A la minute où la femme apprend qu'elle est enceinte, son entourage proche aussi (vous seriez surpris de la définition que donne ma femme au mot "proche"). A la corbeille le fameux délai de trois mois durant lesquels l'information est censée incarner le secret le mieux gardé du pays. Vous, vous disparaissez. A peine m'étais-je fait à l'idée que mon studio d'enregistrement (entendez par là le bureau sur lequel ronflent le PC et le piano) allait accueillir une paire de fesses sales et inconnues, que ma belle-mère avait déjà balancé une lolette dans la pièce histoire de marquer le territoire.
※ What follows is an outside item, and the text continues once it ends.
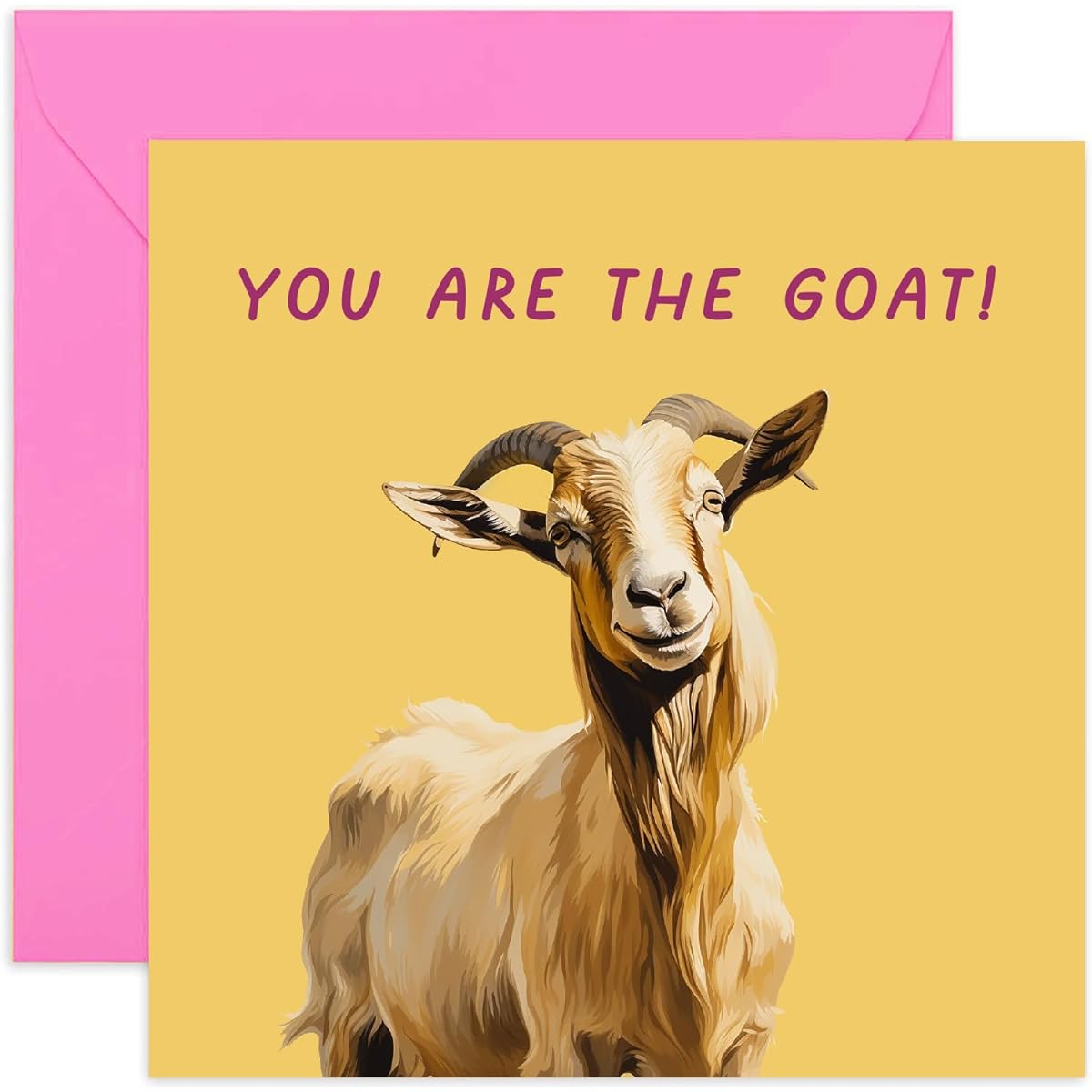 Old English Co. Funny Birthday Card for Men and Women You Are The Goat 'Greatest Of All Time' Humorous Card for Dad/Brother/Uncle/Grandpa - Well Done Congratulations | Blank Inner Envelope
Car, Messieurs, une fois vos proches au courant, le précieux «je» si délicat à dompter, puis à conserver, se fait la malle. Ne tentez pas de résister, il n’en vaut pas la chandelle. Vous devenez trois. Personne ne vous demandera plus comment vous allez. Vous, tout seul. Apparaît alors une entité tridimensionnelle dont vous héritez la lourde responsabilité. Par SMS, les «à + frangin» se transforment en «bisous à vous trois». Avant-même l’arrivée du bambin, vous n’êtes déjà plus au courant de tous les bastringues. Au mieux, vous recevez une vague invitation demandant si VOUS voulez en être. Soit vos amis se mettent à vous vouvoyer, soit sont-ils encore suffisamment avinés pour imaginer qu'un embryon est capable de faire des choix.
Famille, amis, collègues, emprisonnez mon «je» à votre guise, mais sachez que mon affranchissement ne s’est jamais tu.